● **Exercise**: The answer must be only the lines below from the one holding "香緹國際精品 黑鑽簍空雙C長夾 968-3" down to the one holding "Luxury Azizi Mina", ends included, printed exactly; please omit all pictures.

● **Entries supplied**:
═══

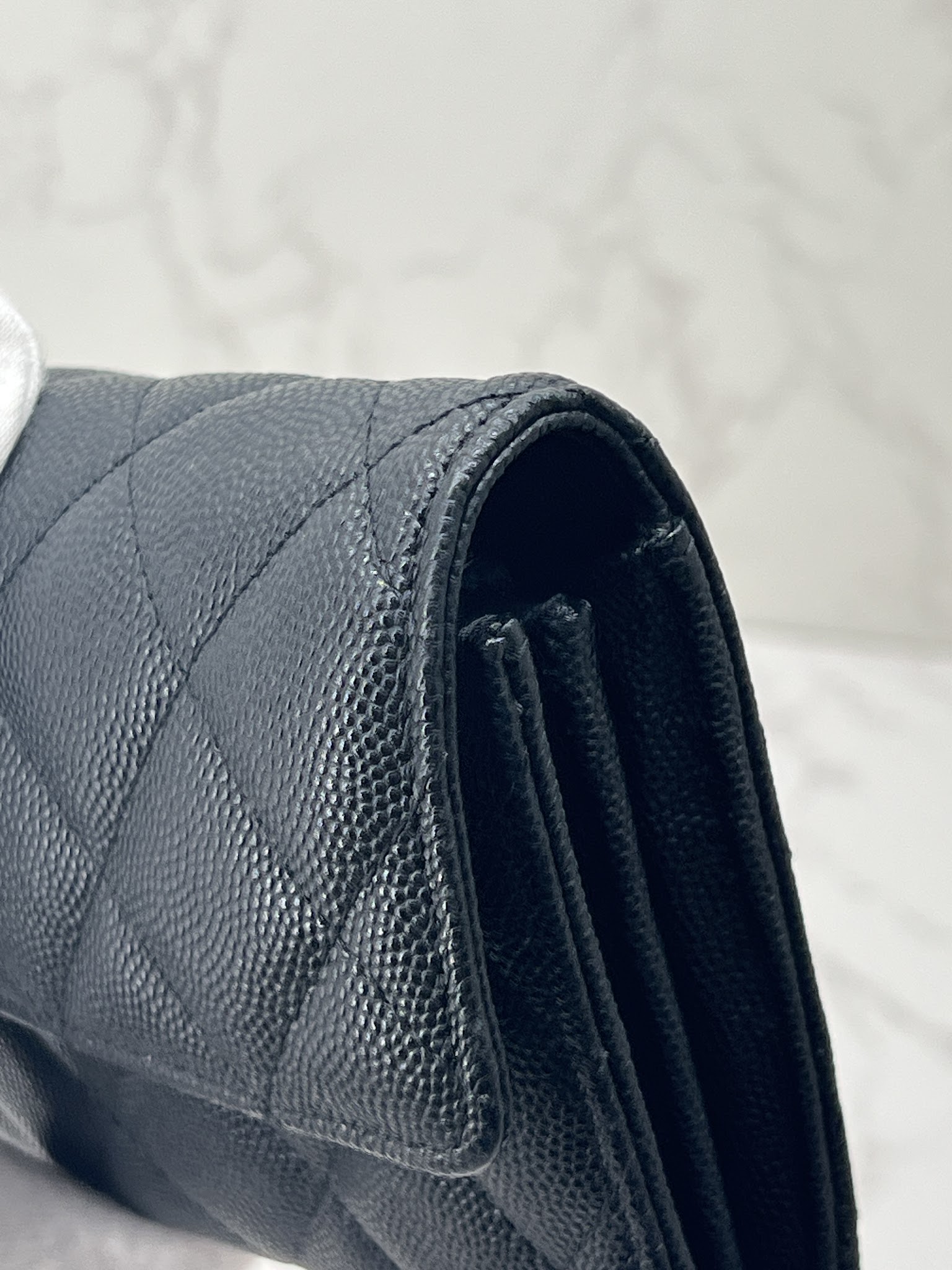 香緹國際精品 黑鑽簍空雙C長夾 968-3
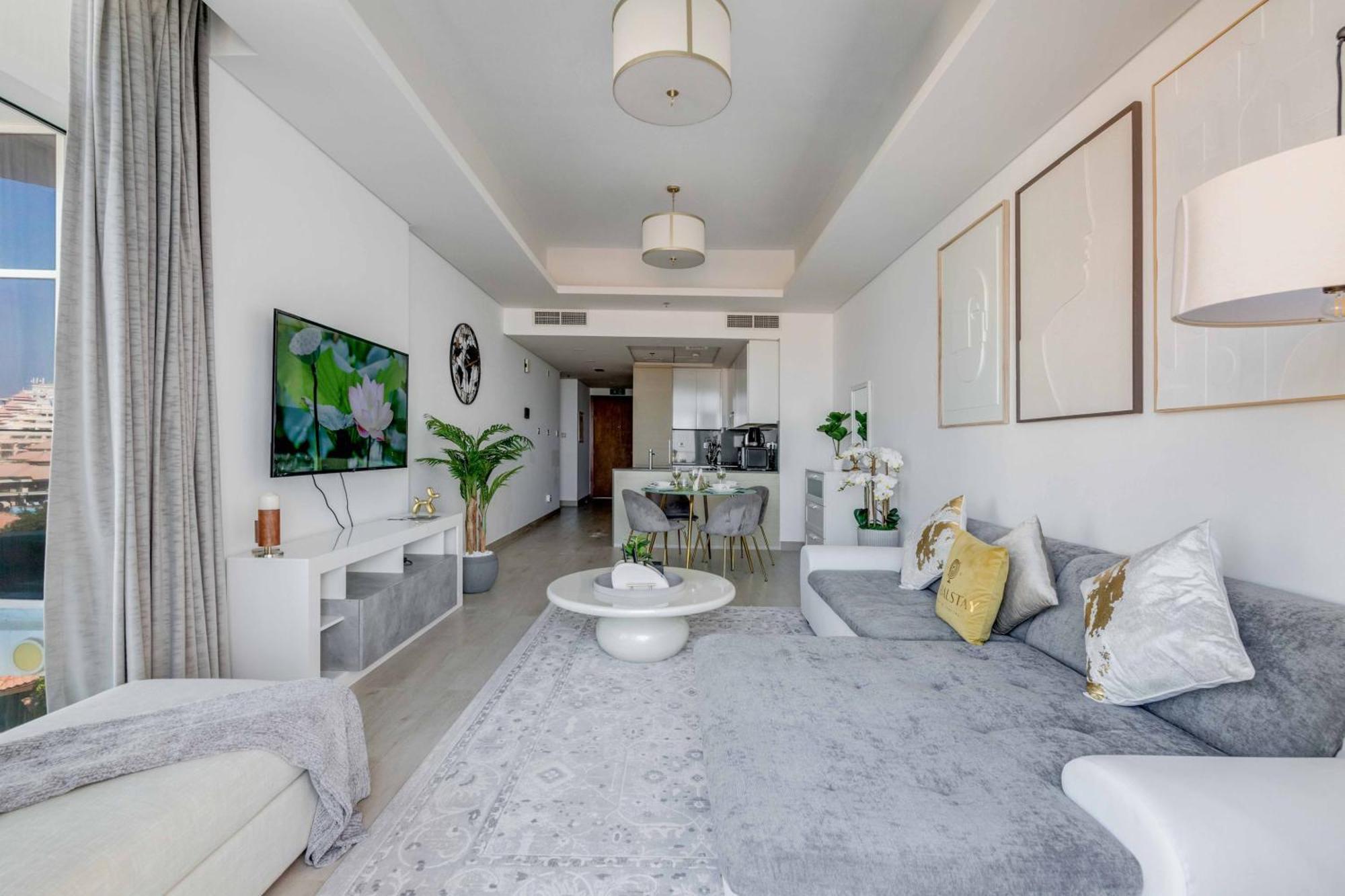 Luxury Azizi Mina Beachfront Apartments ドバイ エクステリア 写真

═══

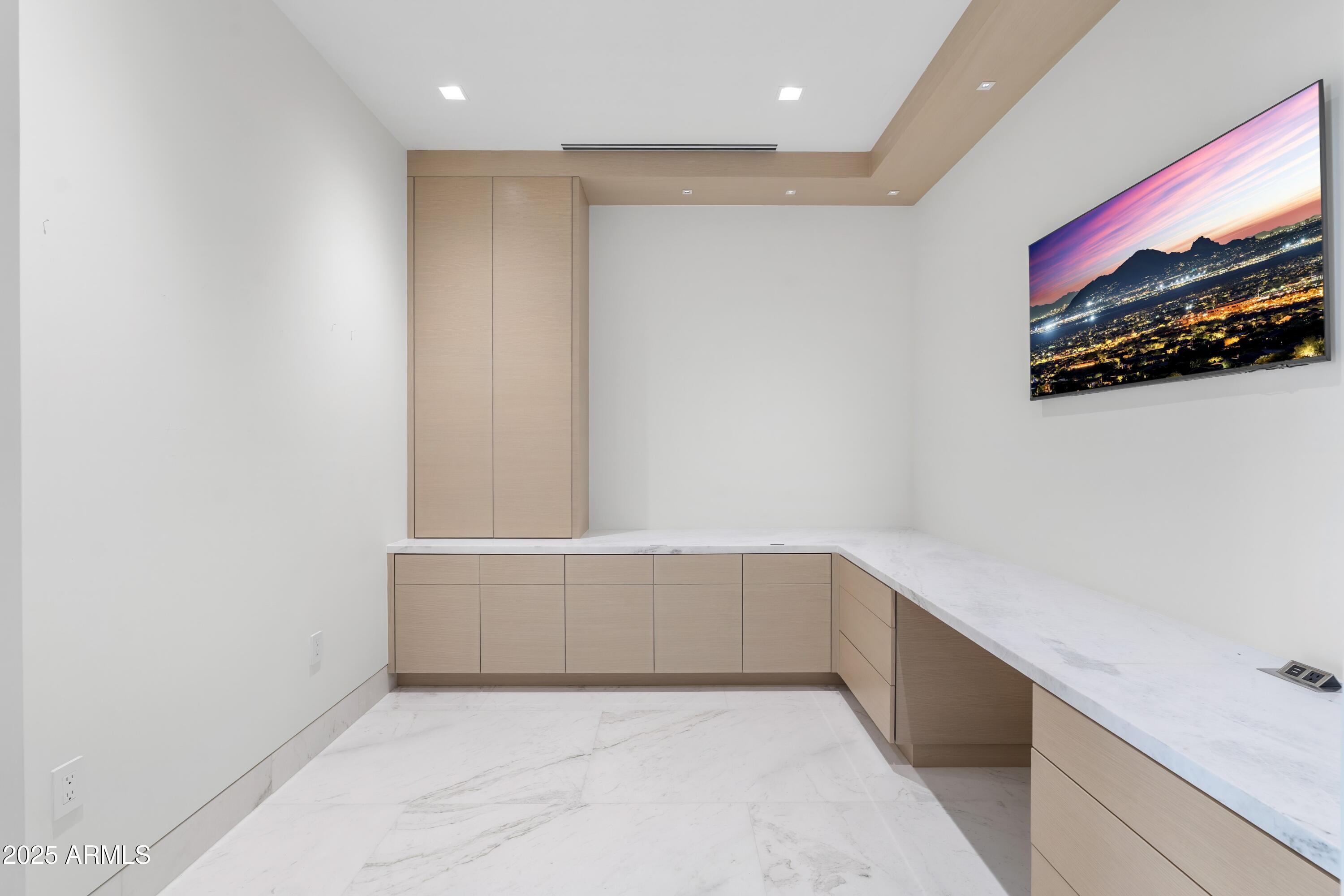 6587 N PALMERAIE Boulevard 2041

═══

● **Completed exercise**:
 香緹國際精品 黑鑽簍空雙C長夾 968-3
 Luxury Azizi Mina Beachfront Apartments ドバイ エクステリア 写真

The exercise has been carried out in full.